_INSTRUCTIONS TO FOLLOW_:
Every line from the one with "Amy Childs pic #576429" up to and including the one with "ALTERNATOR MOUNTINGS &" is to be output exactly as it appears below; pictures are not.

_RECORDS FOR THIS TASK_:
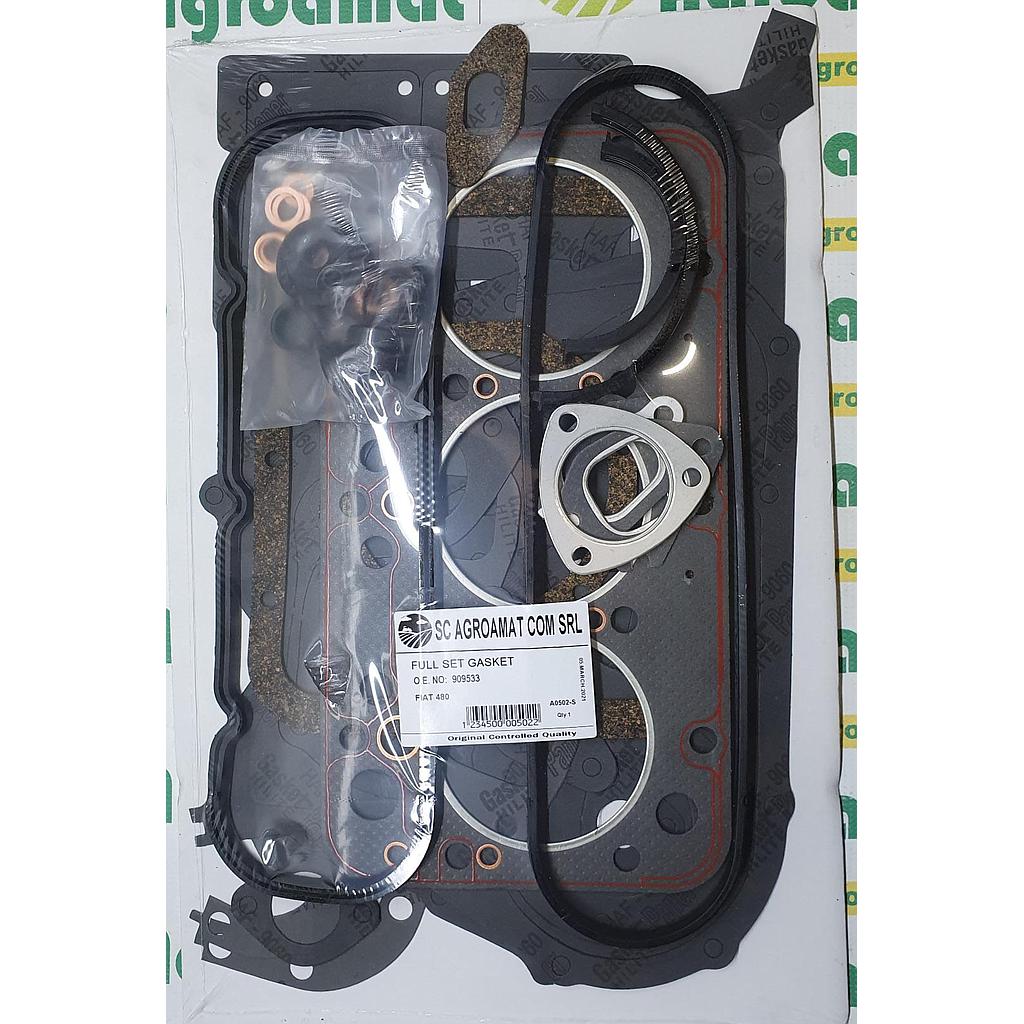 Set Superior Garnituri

--

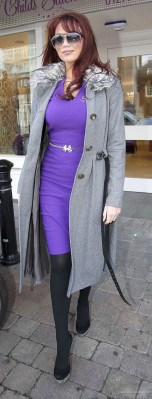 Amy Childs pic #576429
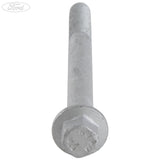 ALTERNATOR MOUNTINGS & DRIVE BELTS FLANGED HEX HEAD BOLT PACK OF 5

_EXERCISE OUTPUT_:
 Amy Childs pic #576429
 ALTERNATOR MOUNTINGS & DRIVE BELTS FLANGED HEX HEAD BOLT PACK OF 5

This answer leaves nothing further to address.